The Triangle Water Polo Club, which runs the league, believes the addition of Planter’s Walk this summer and more TSA teams in the future will help youth water polo expand in popularity around the Triangle.
Scott Ennis, TWPC president, noted that adding a neighborhood team to the league was the main goal for this year. “Having a community pool come into the league and field a team … is going to be huge,” Ennis said.
The sport itself integrates aspects of basketball and soccer in with swimming. The success of the TSA, which has grown to 82 teams and more than 10,000 participants over the past 43 years, provides inspiration to Ennis about the future of water polo in Wake County.
“The TSA is a model,” he said. “We would love to have 10 or 15 or 20 community pools field teams.”
The team at Planter’s Walk is already attracting attention to the point that Walker is considering the possibility of additional teams, each composed of seven starters and several substitutes.
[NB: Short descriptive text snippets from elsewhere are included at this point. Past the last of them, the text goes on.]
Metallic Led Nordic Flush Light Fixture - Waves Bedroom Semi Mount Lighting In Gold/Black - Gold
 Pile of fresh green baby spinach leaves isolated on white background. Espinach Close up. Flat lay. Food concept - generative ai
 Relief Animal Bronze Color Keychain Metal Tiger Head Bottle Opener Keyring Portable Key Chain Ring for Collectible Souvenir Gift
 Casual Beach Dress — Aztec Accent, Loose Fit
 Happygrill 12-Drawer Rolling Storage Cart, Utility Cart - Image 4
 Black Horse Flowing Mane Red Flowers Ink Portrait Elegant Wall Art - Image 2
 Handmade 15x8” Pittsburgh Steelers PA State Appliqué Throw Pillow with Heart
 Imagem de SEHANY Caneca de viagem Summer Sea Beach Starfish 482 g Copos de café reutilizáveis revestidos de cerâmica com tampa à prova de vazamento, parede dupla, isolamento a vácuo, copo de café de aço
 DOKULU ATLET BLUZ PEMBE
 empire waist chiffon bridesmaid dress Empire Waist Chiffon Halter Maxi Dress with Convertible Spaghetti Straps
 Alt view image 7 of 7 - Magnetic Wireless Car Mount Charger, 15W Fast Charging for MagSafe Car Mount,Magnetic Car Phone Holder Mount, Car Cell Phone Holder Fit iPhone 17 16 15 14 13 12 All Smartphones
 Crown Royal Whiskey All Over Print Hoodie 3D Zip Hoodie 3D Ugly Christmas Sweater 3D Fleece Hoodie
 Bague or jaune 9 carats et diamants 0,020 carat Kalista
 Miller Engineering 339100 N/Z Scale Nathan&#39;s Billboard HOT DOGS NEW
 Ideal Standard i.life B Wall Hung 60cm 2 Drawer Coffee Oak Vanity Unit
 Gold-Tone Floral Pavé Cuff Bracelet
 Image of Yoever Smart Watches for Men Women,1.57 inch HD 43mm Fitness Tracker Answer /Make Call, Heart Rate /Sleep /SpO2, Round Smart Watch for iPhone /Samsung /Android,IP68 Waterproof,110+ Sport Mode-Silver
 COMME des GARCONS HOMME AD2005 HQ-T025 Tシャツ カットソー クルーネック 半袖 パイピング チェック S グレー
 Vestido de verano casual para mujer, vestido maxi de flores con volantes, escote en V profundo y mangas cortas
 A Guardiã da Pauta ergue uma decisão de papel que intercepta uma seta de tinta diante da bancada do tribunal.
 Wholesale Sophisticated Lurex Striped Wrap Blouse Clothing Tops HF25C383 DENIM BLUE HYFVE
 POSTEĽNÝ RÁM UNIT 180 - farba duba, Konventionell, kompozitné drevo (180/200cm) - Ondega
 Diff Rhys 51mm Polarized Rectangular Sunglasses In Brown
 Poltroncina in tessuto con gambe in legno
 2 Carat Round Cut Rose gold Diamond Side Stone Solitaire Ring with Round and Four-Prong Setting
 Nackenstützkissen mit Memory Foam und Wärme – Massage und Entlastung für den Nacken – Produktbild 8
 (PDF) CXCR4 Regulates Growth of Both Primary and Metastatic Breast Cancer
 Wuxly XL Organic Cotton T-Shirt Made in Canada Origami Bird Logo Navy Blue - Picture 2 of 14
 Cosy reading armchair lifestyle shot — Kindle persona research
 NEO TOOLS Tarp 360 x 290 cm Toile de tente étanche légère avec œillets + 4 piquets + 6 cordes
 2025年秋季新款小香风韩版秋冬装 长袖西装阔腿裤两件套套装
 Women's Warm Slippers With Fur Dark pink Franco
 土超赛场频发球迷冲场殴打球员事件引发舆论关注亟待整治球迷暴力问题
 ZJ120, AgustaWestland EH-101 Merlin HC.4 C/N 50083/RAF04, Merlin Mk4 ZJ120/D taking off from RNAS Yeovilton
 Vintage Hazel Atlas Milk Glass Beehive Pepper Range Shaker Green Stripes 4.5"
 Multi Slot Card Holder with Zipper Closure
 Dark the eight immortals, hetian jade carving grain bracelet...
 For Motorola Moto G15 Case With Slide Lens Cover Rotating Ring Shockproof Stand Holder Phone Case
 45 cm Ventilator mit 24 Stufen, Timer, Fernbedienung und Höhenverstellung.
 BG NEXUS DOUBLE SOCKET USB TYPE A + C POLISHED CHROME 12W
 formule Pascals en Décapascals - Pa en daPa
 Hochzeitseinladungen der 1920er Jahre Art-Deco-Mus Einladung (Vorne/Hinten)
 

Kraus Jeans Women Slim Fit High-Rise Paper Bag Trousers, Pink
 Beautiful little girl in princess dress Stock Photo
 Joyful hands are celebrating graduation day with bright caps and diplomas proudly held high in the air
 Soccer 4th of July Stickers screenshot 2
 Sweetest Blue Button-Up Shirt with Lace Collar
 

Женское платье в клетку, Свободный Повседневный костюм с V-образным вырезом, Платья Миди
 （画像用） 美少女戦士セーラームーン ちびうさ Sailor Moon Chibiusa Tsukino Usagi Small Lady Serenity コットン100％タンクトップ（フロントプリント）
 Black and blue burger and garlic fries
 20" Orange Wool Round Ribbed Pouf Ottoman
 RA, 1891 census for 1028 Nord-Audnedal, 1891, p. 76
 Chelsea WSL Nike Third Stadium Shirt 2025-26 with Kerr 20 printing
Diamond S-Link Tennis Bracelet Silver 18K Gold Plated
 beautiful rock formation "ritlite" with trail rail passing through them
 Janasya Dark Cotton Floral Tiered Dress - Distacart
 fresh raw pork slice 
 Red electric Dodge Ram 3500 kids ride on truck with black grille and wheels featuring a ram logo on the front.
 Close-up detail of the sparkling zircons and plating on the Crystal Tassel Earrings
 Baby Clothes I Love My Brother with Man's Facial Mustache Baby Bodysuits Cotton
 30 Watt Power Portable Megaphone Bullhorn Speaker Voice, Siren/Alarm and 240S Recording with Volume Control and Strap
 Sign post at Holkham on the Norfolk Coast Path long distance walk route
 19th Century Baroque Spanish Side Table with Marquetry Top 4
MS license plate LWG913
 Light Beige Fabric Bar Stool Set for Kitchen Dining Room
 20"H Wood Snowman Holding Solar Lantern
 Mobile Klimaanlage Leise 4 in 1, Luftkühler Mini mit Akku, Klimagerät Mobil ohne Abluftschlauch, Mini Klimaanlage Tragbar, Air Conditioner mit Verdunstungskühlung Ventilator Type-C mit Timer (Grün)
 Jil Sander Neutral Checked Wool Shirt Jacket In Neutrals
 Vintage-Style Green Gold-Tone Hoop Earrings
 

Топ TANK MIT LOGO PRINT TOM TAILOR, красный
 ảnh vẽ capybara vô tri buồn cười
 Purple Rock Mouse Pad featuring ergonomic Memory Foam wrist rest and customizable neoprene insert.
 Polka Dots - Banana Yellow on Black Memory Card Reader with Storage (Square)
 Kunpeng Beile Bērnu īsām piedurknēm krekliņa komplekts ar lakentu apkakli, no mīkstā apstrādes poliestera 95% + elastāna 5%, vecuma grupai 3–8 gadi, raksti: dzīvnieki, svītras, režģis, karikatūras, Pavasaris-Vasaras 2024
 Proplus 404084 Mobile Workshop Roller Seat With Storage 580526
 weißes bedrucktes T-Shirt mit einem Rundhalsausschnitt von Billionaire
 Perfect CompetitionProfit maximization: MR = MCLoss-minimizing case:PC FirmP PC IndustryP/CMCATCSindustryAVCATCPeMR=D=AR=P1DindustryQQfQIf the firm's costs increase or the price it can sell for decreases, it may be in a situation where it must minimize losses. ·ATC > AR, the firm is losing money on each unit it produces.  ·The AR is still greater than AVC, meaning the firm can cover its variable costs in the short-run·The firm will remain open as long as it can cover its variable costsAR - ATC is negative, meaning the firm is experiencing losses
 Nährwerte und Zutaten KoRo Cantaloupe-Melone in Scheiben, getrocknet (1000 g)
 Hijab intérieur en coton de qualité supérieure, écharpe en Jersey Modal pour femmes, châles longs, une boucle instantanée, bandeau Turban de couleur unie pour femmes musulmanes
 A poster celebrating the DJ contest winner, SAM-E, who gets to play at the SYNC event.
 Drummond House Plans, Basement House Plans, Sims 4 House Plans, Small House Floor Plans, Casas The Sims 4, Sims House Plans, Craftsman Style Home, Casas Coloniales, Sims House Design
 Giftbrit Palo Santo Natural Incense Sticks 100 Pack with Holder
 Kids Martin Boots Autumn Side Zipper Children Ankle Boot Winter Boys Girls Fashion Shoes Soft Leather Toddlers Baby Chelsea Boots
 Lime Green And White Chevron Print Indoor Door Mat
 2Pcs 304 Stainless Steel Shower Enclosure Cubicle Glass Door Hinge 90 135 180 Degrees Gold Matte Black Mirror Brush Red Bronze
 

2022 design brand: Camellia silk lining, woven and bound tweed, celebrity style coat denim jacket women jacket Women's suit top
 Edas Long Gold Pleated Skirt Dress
“We have one team well-stocked,” he said. “We are hoping for more, so we can field multiple teams.”
The rain held off long enough for a full practice on Thursday, helping the team members in attendance work on their newly-learned water polo techniques.
Walker paced the side of the pool, whistle never leaving his mouth, as pairs practiced swimming with and without the ball. At each shriek of the whistle, the freestyle swimmer passed the ball across a lane rope to the backstroke swimmer. Over time, the pass was caught one-handed with more and more frequency.
The Planter’s Walk water polo team for the first time was making headway.
“We are really excited,” Walker said. “It should be really fun for the kids.”